I had a different take on the whole June thing. Having survived about 30 summers here in Tucson, dread encapsulated my feelings. This dread started not at the end of May but somewhere around the beginning of April, when I felt the first trickle of sweat after doing some light chores around the house. Things were going to get much worse before they got a whole lot better.

But June 2009 was different. Having spent practically the whole month in town, I now firmly believe in miracles. But before I get to the miracle part, let me say for the record that no way have I forgotten those blisteringly hot Junes I have endured in times gone by.  How often have I looked up to a cloudless sky, with nary a breeze to stir the stillness in the air, as the thermometer climbed to l07 degrees or higher and didn't budge until evening.

The only way to survive this near-death experience was to rise at dawn and start my day while there was still a hint of coolness in the air. Morning activities included grocery shopping at 6:30 a.m. and swimming several times a week at the Jewish Community Center. The big attraction for me at the J was the aerator, a water machine that sent a jet of icy cold water across the pool. I would dance and frolic around under that cold jet, imagining that it was Niagara Falls. But the fun was short-lived. I had to be home by 11 a.m. at the latest and stay put until sunset.

Indoor activities included knitting scarves and shawls for the fall. Knitting with wool and other fuzzy fibers was the ultimate act of faith in the divine order of the seasons. In addition to knitting and other crafts, I made myself useful with summer house cleaning — straightening out drawers and sifting through clothes in my closet. There was plenty of time, practically the whole afternoon, to make that important decision: what to keep, what to give away.

During this period of daily confinement, I said a silent prayer to the universe that the A/C, my summer lifeline, not go out. Being totally A/C dependent, I had tremendous admiration for those brave settlers of Tucson's early days. They lived in adobe homes without even a fan to stir up the air and wore clothing more suitable for climates back east. Maybe they were out and about all night and slept all day, an idea which has always made a lot of sense to me.

As June 2009 began, my usual routine kicked in: picking out some funky yarns for a new shawl, taking out a summer membership at the J, gritting my teeth.

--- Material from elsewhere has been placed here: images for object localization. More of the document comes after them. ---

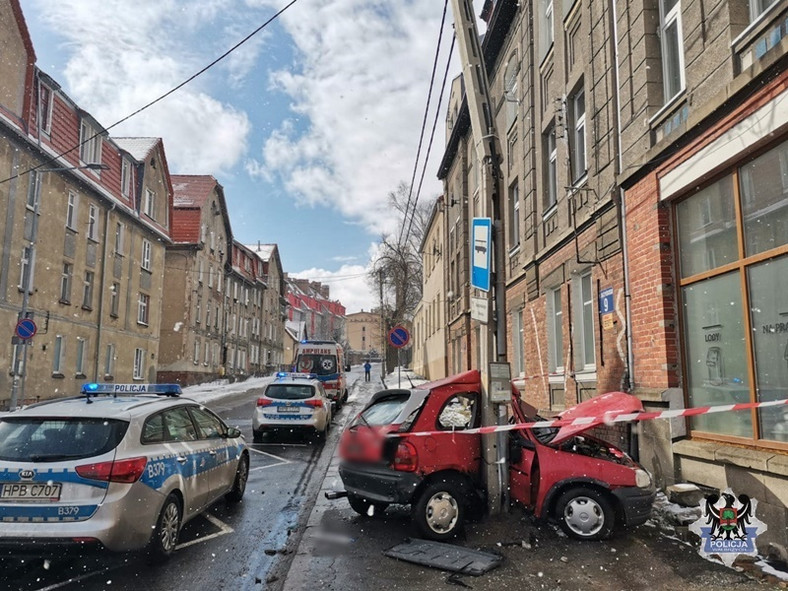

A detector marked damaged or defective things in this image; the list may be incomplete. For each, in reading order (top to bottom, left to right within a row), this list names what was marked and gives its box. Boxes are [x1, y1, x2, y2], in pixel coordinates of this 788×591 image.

crashed red car [338, 372, 652, 544] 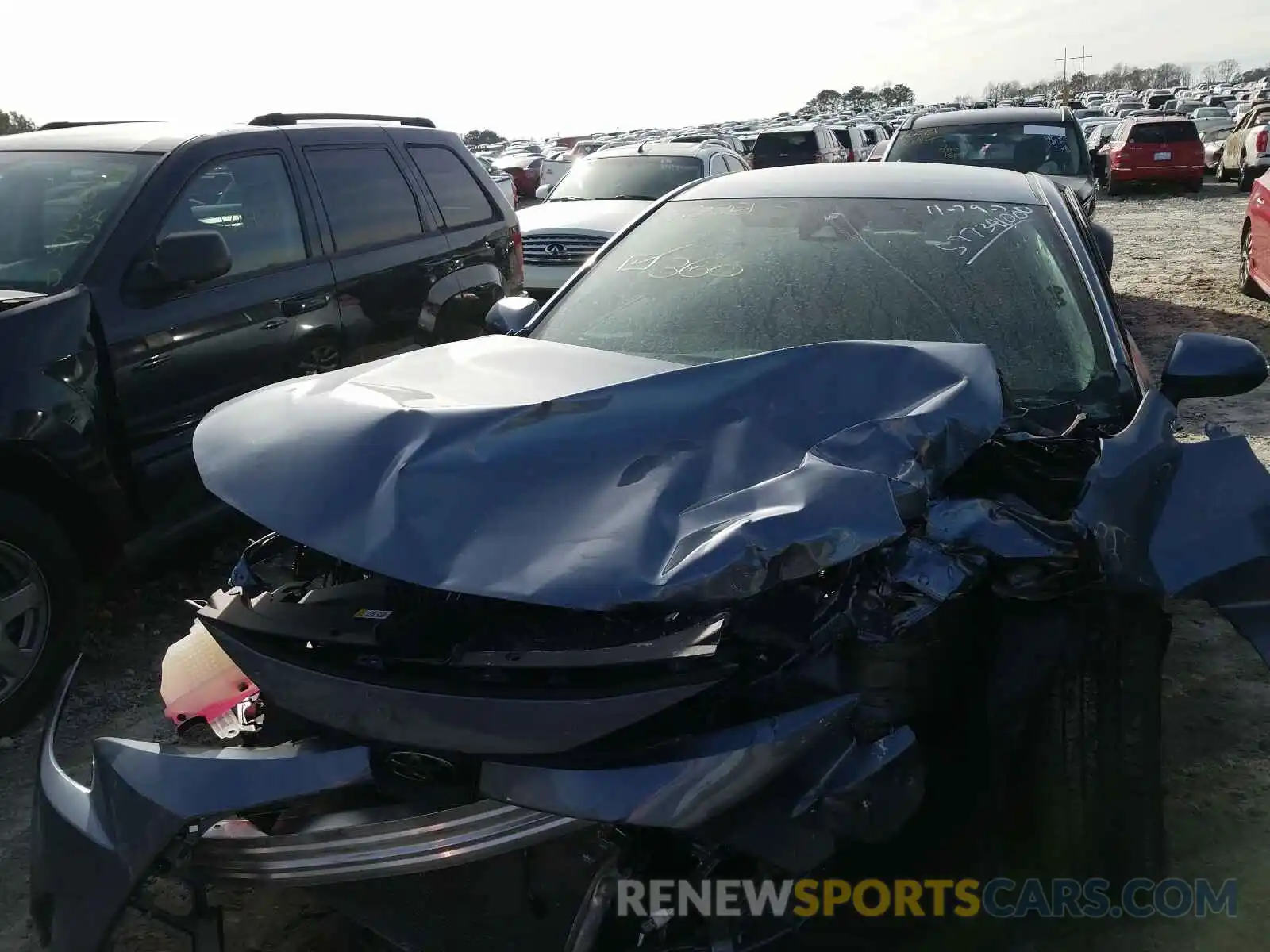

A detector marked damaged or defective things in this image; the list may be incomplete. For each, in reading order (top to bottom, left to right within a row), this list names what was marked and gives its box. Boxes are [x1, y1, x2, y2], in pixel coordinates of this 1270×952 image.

crushed car hood [190, 335, 1000, 612]
crumpled metal panel [190, 337, 1000, 612]
broken front bumper [25, 665, 589, 952]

Then the miracle occurred. Temps started to drop into the low 90s for a high, on one occasion the low 80s, with lots of fluffy clouds in the sky, some cool breezes, even a few raindrops. Whatever happened to global warming? More important, who cared? I was almost giddy with excitement at the thought of doing errands at 2 p.m., with none of that drained feeling I have experienced in previous Junes after spending just a few minutes outside. Coming back to a car that was a crisp 110 or so degrees was a taste of paradise.

As the month came to an end this year, I extended another prayer to the universe: this time of thanksgiving, for one of the most delightful Junes on record.

And now, here we are in July, with monsoons that can cool the air down in a matter of minutes. I feel positive and optimistic about the future. After all, with June highs mainly in the 90s, can winter be far behind?